Five clinically available 1,4-benzodiazepines (BDZs) (chlordiazepoxide, diazepam, oxazepam, nitrazepam, and clonazepam) and four investigational 1,4-BDZs (BDZ I, BDZ II, BDZ III, and BDZ IV) were tested in vivo for minimal neurotoxicity (TD50) and for ability to obtund seizures (ED50) induced by a battery of five well-standardized procedures (maximal electroshock, strychnine, pentylenetetrazol, bicuculline, and picrotoxin). In addition, these BDZs were also tested in vitro as inhibitors of [3H]flunitrazepam binding to BDZ receptors. The results with each of the six in vivo tests were compared with those with the in vitro receptor binding test, and the correlation coefficients (r) were calculated. There was a high correlation between the inhibitor constants (Ki) derived from BDZ binding studies and the TD50 values (r = 0.882) and the pentylenetetrazol ED50 values (r = 0.946). There was also good correlation between ED50 values of BDZs effective by the bicuculline and picrotoxin tests and their Ki values in the BDZ receptor binding studies (r = 0.868 and 0.892, respectively). However, BDZ I, BDZ II, and BDZ IV had Ki values of 1.830, 0.075, and 0.015 microM, respectively, but BDZ I was ineffective in nontoxic doses by the bicuculline and picrotoxin tests, BDZ II by the picrotoxin test, and BDZ IV by the bicuculline test. In contrast, there was no correlation between the BDZs' anticonvulsant potency, determined by either the maximal electroshock or strychnine test, and their inhibitory potency on [3H]flunitrazepam binding to receptor sites. The possible methodological and neurochemical bases for these differences are discussed. These studies indicate that BDZ binding studies can be used to screen BDZs for anticonvulsant activity (selectively for antipentylenetetrazol activity and less selectively for antibicuculline and antipicrotoxin activity). More importantly, they complement the conventional in vivo anticonvulsant threshold tests. Therefore, BDZ binding studies can be used in concert with conventional in vivo procedures for the pharmacological differentiation of candidate antiepileptic BDZs.

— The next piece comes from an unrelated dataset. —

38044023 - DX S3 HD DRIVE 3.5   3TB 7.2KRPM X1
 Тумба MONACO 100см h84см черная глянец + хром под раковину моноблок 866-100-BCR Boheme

对五种临床可用的1,4 - 苯二氮䓬类药物(BDZs)(氯氮卓、地西泮、奥沙西泮、硝西泮和氯硝西泮)以及四种研究用的1,4 - BDZs(BDZ I、BDZ II、BDZ III和BDZ IV)进行了体内最小神经毒性(TD50)测试以及通过一系列五个标准化良好的程序(最大电休克、士的宁、戊四氮、荷包牡丹碱和印防己毒素)诱导的惊厥抑制能力(ED50)测试。此外,还对这些BDZs进行了体外作为[3H]氟硝西泮与BDZ受体结合抑制剂的测试。将六种体内测试中每种测试的结果与体外受体结合测试的结果进行比较,并计算相关系数(r)。源自BDZ结合研究的抑制常数(Ki)与TD50值(r = 0.882)和戊四氮ED50值(r = 0.946)之间存在高度相关性。通过荷包牡丹碱和印防己毒素测试有效的BDZs的ED50值与其在BDZ受体结合研究中的Ki值之间也存在良好相关性(分别为r = 0.868和0.892)。然而,BDZ I、BDZ II和BDZ IV的Ki值分别为1.830、0.075和0.015 microM,但BDZ I在无毒剂量下对荷包牡丹碱和印防己毒素测试无效,BDZ II对印防己毒素测试无效,BDZ IV对荷包牡丹碱测试无效。相反,通过最大电休克或士的宁测试确定的BDZs的抗惊厥效力与其对[3H]氟硝西泮与受体位点结合的抑制效力之间没有相关性。讨论了这些差异可能的方法学和神经化学基础。这些研究表明,BDZ结合研究可用于筛选具有抗惊厥活性的BDZs(对抗戊四氮活性具有选择性,对抗荷包牡丹碱和抗印防己毒素活性的选择性较低)。更重要的是,它们补充了传统的体内抗惊厥阈值测试。因此,BDZ结合研究可与传统的体内程序协同使用,用于候选抗癫痫BDZs的药理学鉴别。